» EXTRACTED DATA
- - -
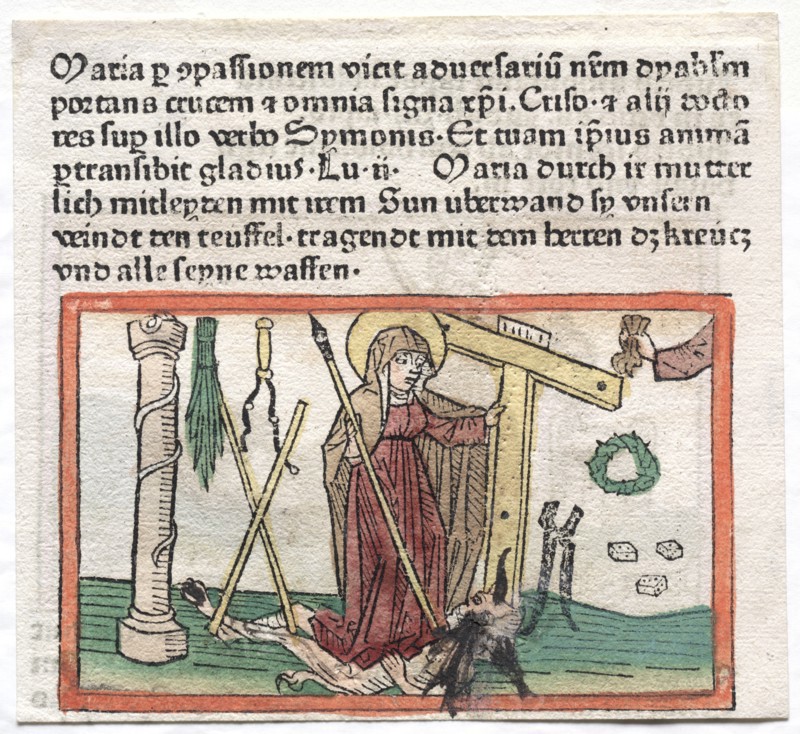 Spiegel Menslicher Behaltnis: The Virgin Mary Overcoming a Devil, 1400s. Creator: Unknown.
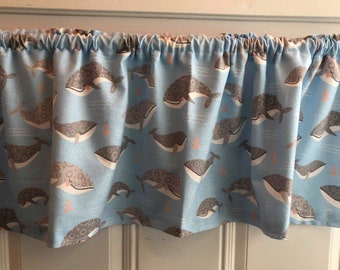 Premier Prints Whale Tales Storm Gray with White Whales Valance Curtain choose your color option Baby Nursery
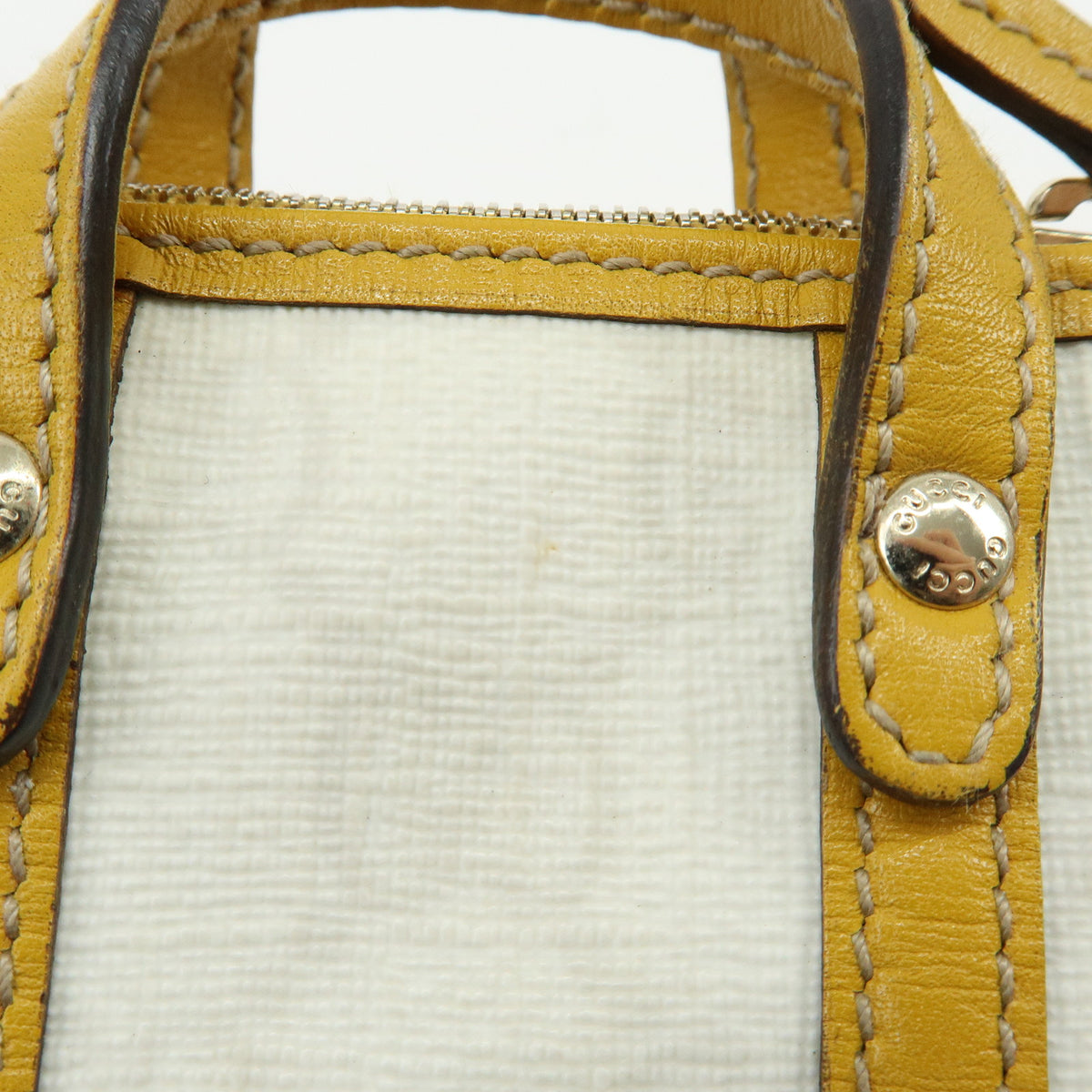 GUCCI GG Supreme Leather Mini Boston Bag Charm White Yellow 198338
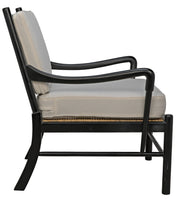 KEVIN CHAIR WITH RATTAN, HAND RUBBED BLACK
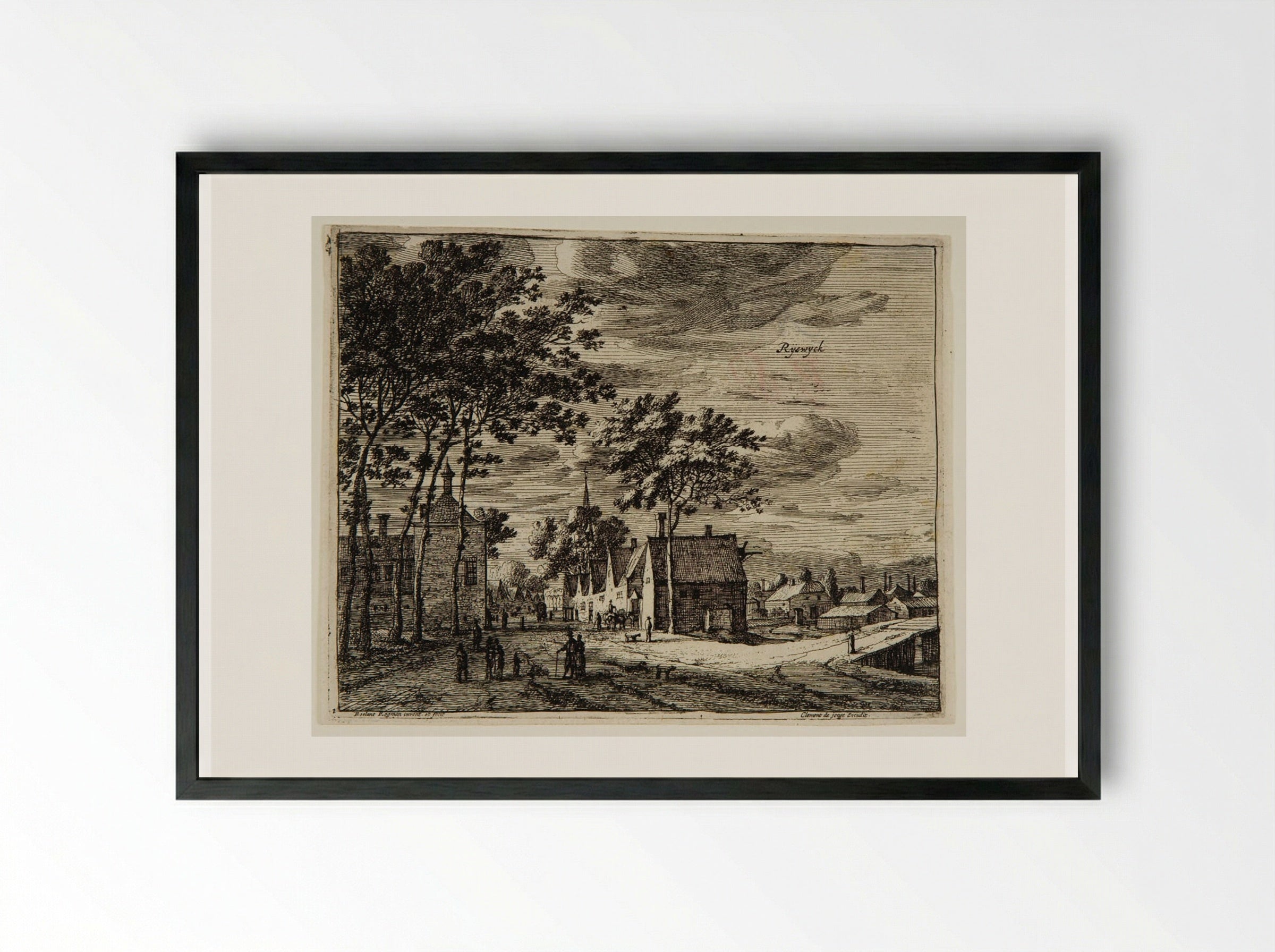 Rijswijk - Roelant Roghman - Framed Print Black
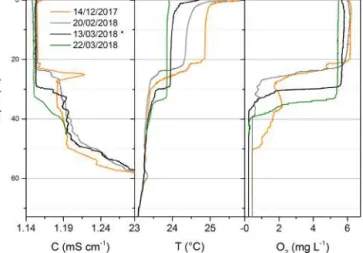 Figure 7. CTD (conductivity at 25 ◦ C, temperature and dissolved oxygen) data obtained a few months prior to the campaign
- - -
» ASSIGNMENT
The lines to retype begin with the one containing "GUCCI GG Supreme" and end with the last line of the records. Reproduce them exactly and omit the pictures.

» EXERCISE ANSWER
 GUCCI GG Supreme Leather Mini Boston Bag Charm White Yellow 198338
 KEVIN CHAIR WITH RATTAN, HAND RUBBED BLACK
 Rijswijk - Roelant Roghman - Framed Print Black
 Figure 7. CTD (conductivity at 25 ◦ C, temperature and dissolved oxygen) data obtained a few months prior to the campaign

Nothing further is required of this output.